Wednesday, April 7, 2010
The New York Times is reporting that United Airlines and US Airways "are deep in . . . merger discussions" to form one of the world's largest airlines. See Andrew Ross Sorkin et al., United and US Airways Said to Be in Merger Talks, N.Y. Times, Apr. 7, 2010 (available here). According to the story, a formal announcement concerning the discussions is not expected for several weeks and that both carriers' unions may oppose the deal.
The two airlines may also face stiff resistance from the Department of Justice's Antitrust Division. In 1995 and 2000, the DOJ threatened lawsuits to block US Airways's acquisition by United. Both threats were predicated on the implications of United taking over US Airways hub operations at high-use East Coast airports. Perhaps, given the financial woes the airline industry has faced since 9/11, including record high fuel prices and the economic downturn, the Justice Department would be willing to take a more lenient view of a domestic link-up between the two.

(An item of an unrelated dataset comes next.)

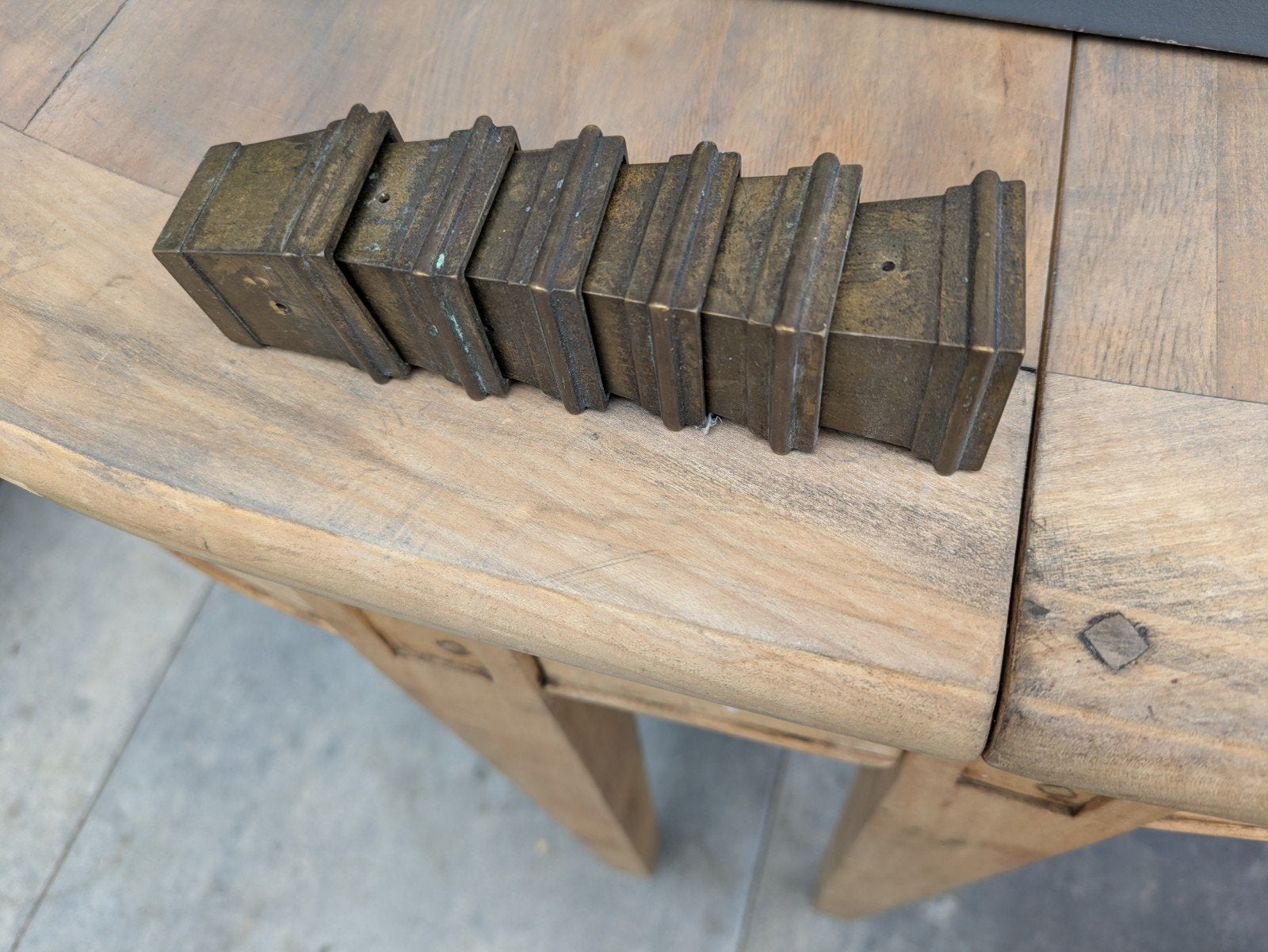 Uitschuifbare ovale eettafel, massief hout, Ophalen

This assumes, of course, that antitrust enforcers in Washington won't be spooked by the size of a combined United/US Airways air carrier. Recent statements by both the DOJ and the Federal Trade Commission seem to indicate limited tolerance for further market concentration regardless of whether or not the transaction will result in efficiency gains. See Alan Devlin, Antitrust in an Era of Market Failure, 33 Harv. J. L. & Pub. Pol'y 31-38 (forthcoming 2010) (available from SSRN here). As ill-advised as this policy position may be, it could prove an insurmountable obstacle to any significant consolidation in the U.S. airline industry.